Re: BOMs

"t.p." <daedulus@xxxxxxxxxxxxx> · Tue, 19 Nov 2013 10:10:47 +0000

----- Original Message -----
From: "Martin J. Dürst" <duerst@xxxxxxxxxxxxxxx>
To: "Henry S. Thompson" <ht@xxxxxxxxxxxx>
Cc: "John Cowan" <cowan@xxxxxxxxxxxxxxxx>; "IETF Discussion"
<ietf@xxxxxxxx>; "Pete Cordell" <petejson@xxxxxxxxxxxxx>; "JSON WG"
<json@xxxxxxxx>; "Anne van Kesteren" <annevk@xxxxxxxxx>;
<www-tag@xxxxxx>; "es-discuss" <es-discuss@xxxxxxxxxxx>
Sent: Monday, November 18, 2013 11:26 AM

> On 2013/11/18 20:11, Henry S. Thompson wrote:
> > Pete Cordell writes:
> >
> >> Given the history below, would it be sensible to accept BOMs for
UTF-8
> >> encoding, but not for UTF-16 and UTF-32?  In other words, are BOMs
needed
> >> and/or used in the wild for UTF-16 and UTF-32?
> >>
> >> Maybe the text can say something like "SHOULD accept BOMs for
UTF-8,
> >> and MAY accept BOMs for UTF-16 and / or UTF-32"?
> >
> > My sense is that you'll see more UTF-16 BOMs than anything else.
>
> Yes indeed. BOM means Byte Order Mark. It's crucial for over-the-wire
> UTF-16. (It's irrelevant for in-memory UTF-16, but that's not what we
> are discussing.) To bring up the XML example again, XML actually
> strictly requires a BOM for UTF-16. The IETF definition of UTF-16 does
> not require a BOM for UTF-16. See http://tools.ietf.org/html/rfc2781,
in
> particular http://tools.ietf.org/html/rfc2781#section-3.2,
> http://tools.ietf.org/html/rfc2781#section-3.3, and
> http://tools.ietf.org/html/rfc2781#section-4.
>
> For UTF-8, the BOM is not a Byte Order Mark, because such a mark isn't
> necessary at all. It may serve as a signature, but is not necessary,
and
> in some circumstances counterproductive.

Martin

We had a similar discussion with syslog back in 2005, the issue being
that UTF-8 was new and different and how to tell whether it was being
used or not, and what made it into RFC5424 was
"  If a syslog application encodes MSG in UTF-8, the string MUST start
   with the Unicode byte order mask (BOM), which for UTF-8 is ABNF
   %xEF.BB.BF.  "
which remains a MUST to this day.  There are no relevant Errata.

Tom Petch

> As for what to say about whether to accept BOMs or not, I'd really
want
> to know what the various existing parsers do.
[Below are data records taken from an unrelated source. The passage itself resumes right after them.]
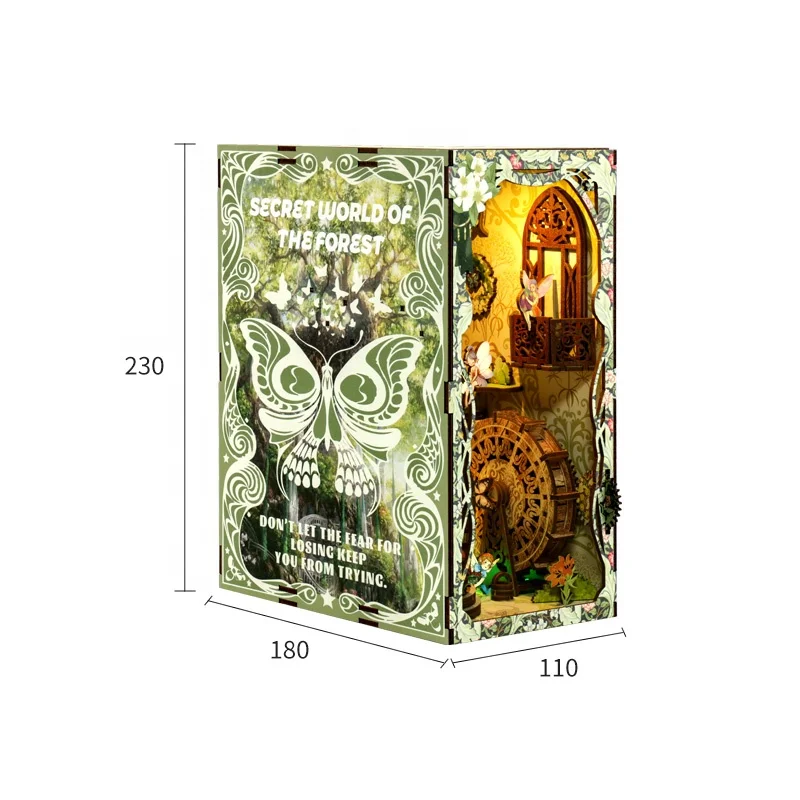 Wholesale custom UV printing fantasy wood dollhouse shop DIY nook book miniature furniture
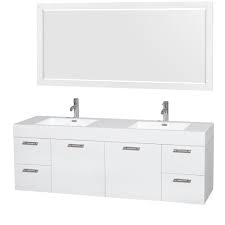 Evideco non pedestal under sink storage vanity cabinet bath brown gray noumea. Amare 72 Wall Mounted Double Bathroom Vanity Set With Integrated Sinks Glossy White Beautiful Bathroom Furniture For Every Home Wyndham Collection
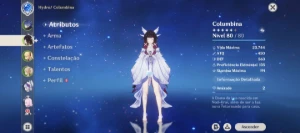 Conta Flins + Bis + Columbina Ar 47 - Genshin Impact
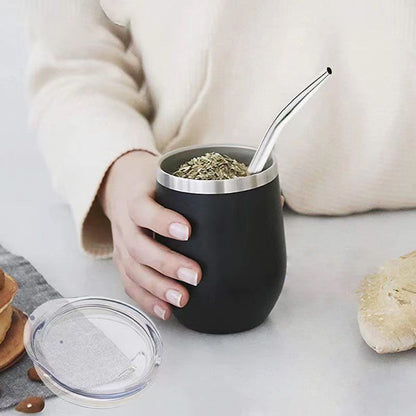 Yerba Mate Gourd & Bombilla Set — Double-Wall Steel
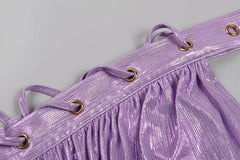 Solid Lace Up Hollow Out Dress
If they accept BOMs,
then
> we can say they should accept BOMs. If they don't accept BOMs, then we
> should say that they don't.
>
> Regards,   Martin.
>
> > UTF-32 support seems to be waning (at least in the browsers), but
> > UTF-16 is in pretty widespread use.  John, do you think you can fool
> > google into counting BOMs for us?
>
>